"Санктъ-Петербургъ-опера" показала премьеру — "Паяцев". За тем, как основатель и худрук театра Юрий Александров использовал оперу Руджеро Леонкавалло в личных целях, наблюдал ДМИТРИЙ РЕНАНСКИЙ.
Выпущенные вдогонку посвященным 60-летию Юрия Александрова торжествам "Паяцы" смотрятся исповедью, в которой юбиляр сводит счеты с теми, кто находится по ту и по эту сторону рампы. Господин Александров и раньше замешивал сюжеты своих спектаклей на желчной жанровой саморефлексии, но в "Паяцах" сценический разговор о профессионально насущном получился у него особенно личным и откровенным. Сценография Вячеслава Окунева, конечно, обобщает рассказываемую режиссером историю — декорация второго акта пародирует тот привычно сочный китч, в который всегда упаковывали развязку "Паяцев", а первое действие постановки разыгрывается в безликом закулисье, похожем на все театральные задворки разом. Но когда вскоре после поднятия занавеса на сцене замечаешь реальную афишу александровских "Паяцев", мозолившую глаз на петербургских улицах, становится очевидным, что события спектакля разворачиваются не где-нибудь, а прямиком в "Санктъ-Петербургъ-опере".

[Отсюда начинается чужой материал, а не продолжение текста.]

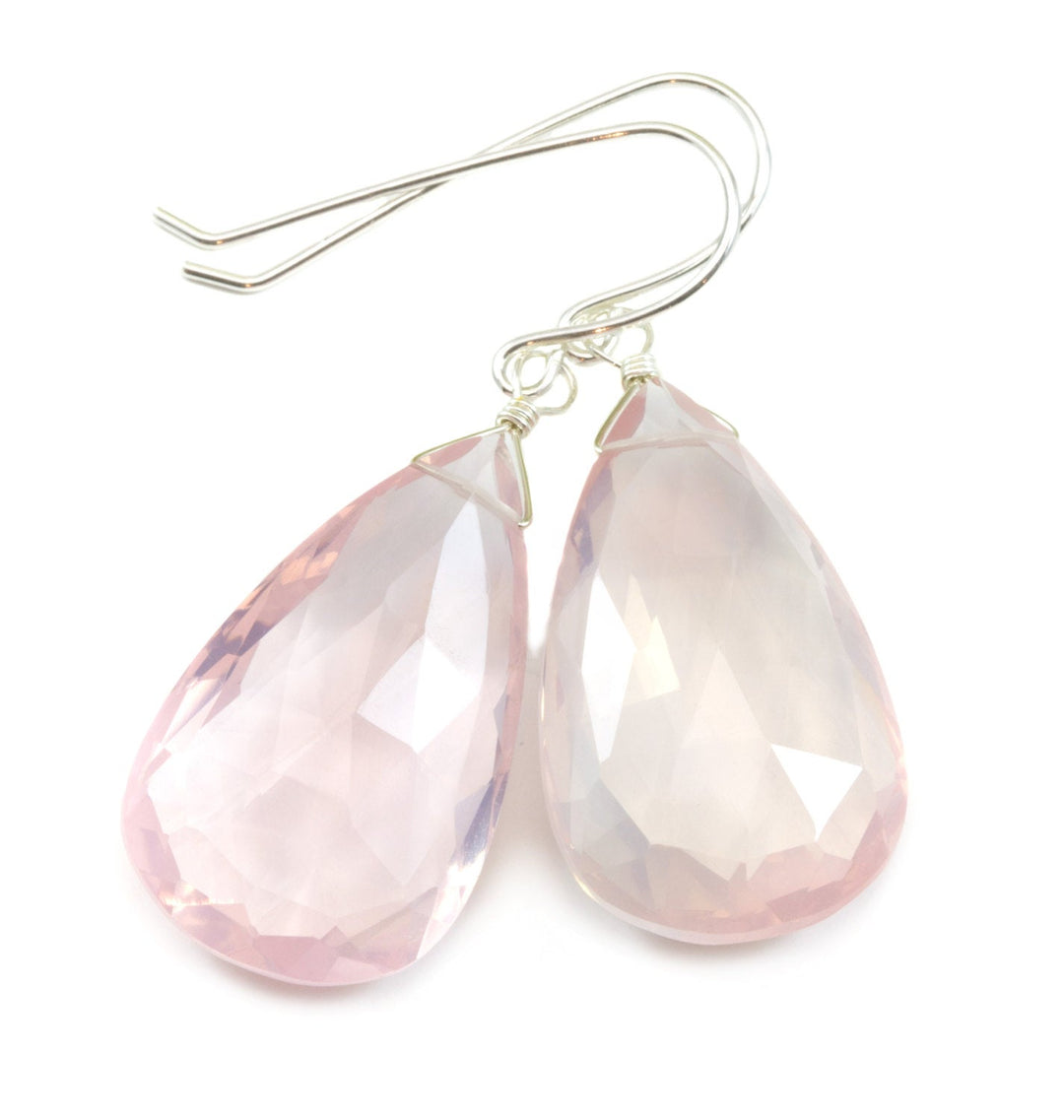 Rose Quartz Earrings X Large Soft Pink Briolette Long Teardrop Dangle Sterling Silver or 14k Solid Yellow Gold or Filled Natural Classic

Предписанных либретто бродячих комедиантов и разомлевших под сицилийским солнцем крестьян, конечно, нет и в помине. В первом акте история неуставных отношений в театральной труппе разворачивается на фоне предпремьерной суеты, отягощенной адюльтером изменяющей стареющему мужу-режиссеру с моложавым героем-любовником примадонны. Пришедшие на брифинг по случаю выпуска новой постановки оперы Леонкавалло критики жадно налетают на фуршет: господин Александров обрушивается на акул пера всей силой фирменного сарказма. Когда после антракта действие выплескивается в зрительный зал, постановщик направляет филиппики в сторону публики — картинно занимающих места в партере расфуфыренных нуворишей, норовящих после самых катарсических кульминаций погромче заорать неуместное "браво".
Анекдотичные околичности эффектно оттеняют главные смыслы спектакля: театр для режиссера — территория тотального притворства. Сначала репликами пролога "Паяцев", убеждающими публику в неподдельности оперных слез и страданий, у господина Александрова издевательски жонглирует трио вернувшихся с репетиции и занятых снятием грима актеров, лучше других знающих, что в театре нет ничего истинного. Потом выяснение отношений между примадонной и ее мафиозного вида любовником наивная радиожурналистка принимает за репетицию любовного дуэта. Едва ли не впервые в сценической истории оперы Леонкавалло Недда выведена не падшей овцой, а воплощением прожженной театральной вульгарности: в финале Канио убивает ее не столько из ревности, сколько в порыве мести — за профанацию высоких идеалов, за то, что превратила храм искусства в гнездо разврата.
Стоящий на авансцене Канио вытягивает руки в неумолимой попытке противостоять грозящим раздавить его створкам медленно сдвигающегося занавеса — ключевой монолог главного героя, арию "Смейся, паяц" господин Александров увенчал мизансценой столь же красноречивой, сколь и автобиографичной. Это ведь хозяин "Санктъ-Петербургъ-оперы" всю творческую жизнь шел против театрально-игровой природы своего таланта и, вместо того чтобы отдаться власти безудержного карнавала, вязал причинно-следственные кружева жизненных соответствий. Правда театра всегда конфликтовала у господина Александрова с правдой жизни, но только в "Паяцах" режиссеру удалось сделать этот конфликт смыслообразующим. Уже после трагического финала участники представления успевают под последние аккорды оркестра выбежать на поклоны, пытаясь перевести все происходившее на сцене в шутку — но новенькие "санктъ-петербургские" "Паяцы" слишком серьезное режиссерское высказывание, чтобы в него не поверить.